▸ Directions
Pictures in the listing do not belong in the copy, which should repeat exactly the lines from the one holding "A group of people" through the last line.

• • • • • • •

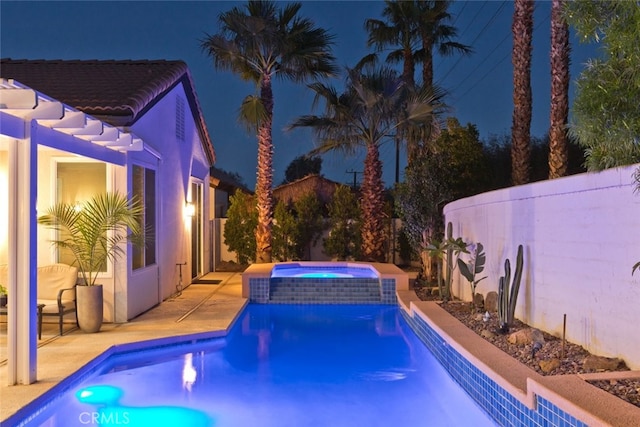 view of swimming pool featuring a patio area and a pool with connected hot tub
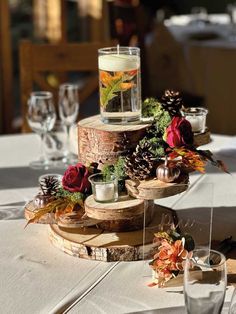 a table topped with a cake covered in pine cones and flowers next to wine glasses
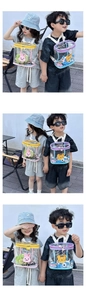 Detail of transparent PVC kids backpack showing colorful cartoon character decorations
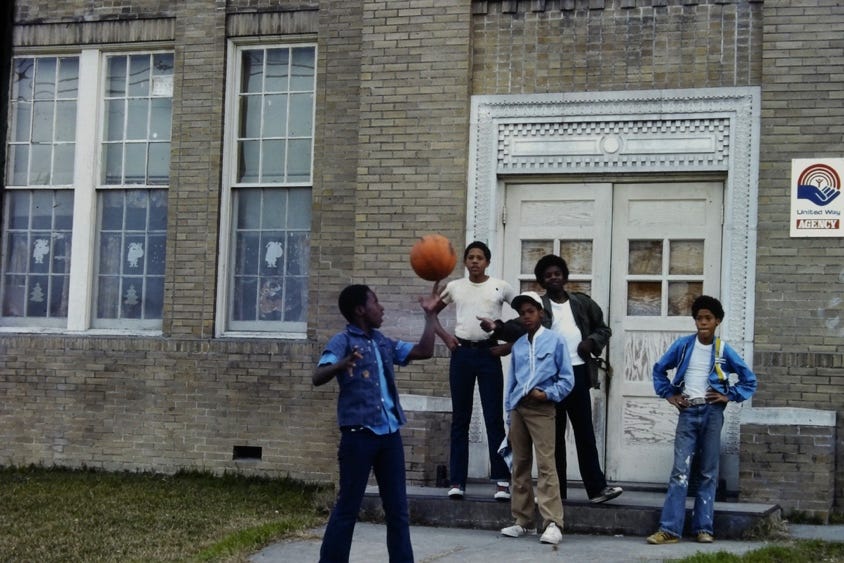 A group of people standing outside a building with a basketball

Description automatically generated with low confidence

• • • • • • •

▸ Task output
 A group of people standing outside a building with a basketball

Description automatically generated with low confidence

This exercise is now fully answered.